You came teaching my girl. You came teaching. You turned seven months on May 1st. You grow more beautiful each day. You have spunk and sparkle and you are good at jumping. I was talking to a friend today about how it feels to be a mom...how sometimes- maybe most of the time- you don't quite feel like a person. Caring for others constantly forces you to forget yourself. And I guess that's what I mean by 'don't feel like a person'. You don't have time to stop and just be. But then she said, 'Don't worry. You will feel like a person again someday. Just a different person.' And then it hit me. It hit me how much we change as parents. How someday we will emerge from caring for kids constantly but we'll be better at a lot of things and wiser and older and humbler and better at this thing called love. Man, it's hard sometimes. Loving.

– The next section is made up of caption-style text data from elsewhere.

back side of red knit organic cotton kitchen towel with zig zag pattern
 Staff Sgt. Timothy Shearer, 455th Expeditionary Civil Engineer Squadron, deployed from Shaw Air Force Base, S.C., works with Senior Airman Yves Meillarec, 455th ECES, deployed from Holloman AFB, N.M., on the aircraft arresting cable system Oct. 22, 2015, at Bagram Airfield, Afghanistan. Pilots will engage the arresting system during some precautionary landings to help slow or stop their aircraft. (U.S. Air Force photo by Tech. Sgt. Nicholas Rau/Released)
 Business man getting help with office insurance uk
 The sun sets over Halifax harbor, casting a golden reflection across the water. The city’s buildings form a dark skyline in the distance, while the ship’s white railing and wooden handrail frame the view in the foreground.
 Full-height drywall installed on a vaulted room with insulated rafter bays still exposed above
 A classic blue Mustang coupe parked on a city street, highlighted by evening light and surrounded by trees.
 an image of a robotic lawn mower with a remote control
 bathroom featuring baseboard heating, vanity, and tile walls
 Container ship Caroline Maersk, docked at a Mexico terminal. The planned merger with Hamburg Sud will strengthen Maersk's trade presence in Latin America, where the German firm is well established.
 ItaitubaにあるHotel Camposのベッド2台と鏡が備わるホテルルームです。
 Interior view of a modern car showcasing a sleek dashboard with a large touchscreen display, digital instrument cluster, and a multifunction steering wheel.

I see now how little I knew about real life back in college- back when everything was a theory...and I was pretty sure I knew everything. Some things, maybe most are things you won't understand until you use your life muscles a little bit and get dirty- get in the trenches. Life is really gritty and really scary and so real. And to go from all theory- all thinking- to all doing, doing, doing is a strange paradigm shift. But jumping into the deep end of marriage and parenthood wasn't so bad.

In this culture I'm young to be married and even younger to have a kid. Remember that place in between worlds in The Magician's Nephew? A forest full of pools leading to other worlds- dying worlds, worlds about to be born. I often feel like I'm there and I belong to more than one world- more than one pool. Everyone my age is discovering themselves- their career- their soul-mate- who they are--- and everyone with children is a decade older than me. So I'm caught in a world where everyone is in a different place and sometimes it feels pretty fragmented. But. Maybe that's the magic of living anyway- that we're all in different pools-different worlds..and somehow, sometimes we meet in the middle--this world--these bodies--this thing we have in common. We're all drifting souls that bump into each other and it all seems random and wild sometimes but sometimes it seems so not.

Like I meet an old man riding a horse on the Fullerton trails and he's telling me how he fought in world war II and how his wife passed away and this is her horse and he soled his because he didn't need two anymore and the jackass bikers always ride too fast and they better slow down 'cause they don't know what a 190 pound horse can do to their rear-ends and just remember to savor every moment of it cause even when you get in little spats it's ok 'cause in the end all you have is each other and you need each other and then when they're gone you miss them sorely and there's nothing like living you're whole life together and thank you so much young lady for your time talking. it sure was nice talking. and he gets this distant look in his eye and I can imagine him sitting by himself at home eating dinner and what it is to be alone. And just like that our lives collide and they mean something in the other's.

Anyway, I'm glad to be here-- changing and colliding with these souls. And this little Winter soul we met seven months ago is especially wonderful. You came teaching my girl. You came teaching.

1 comment:

  1. Grace...this was amazing. your writing astounds me. And comforts me at the same time.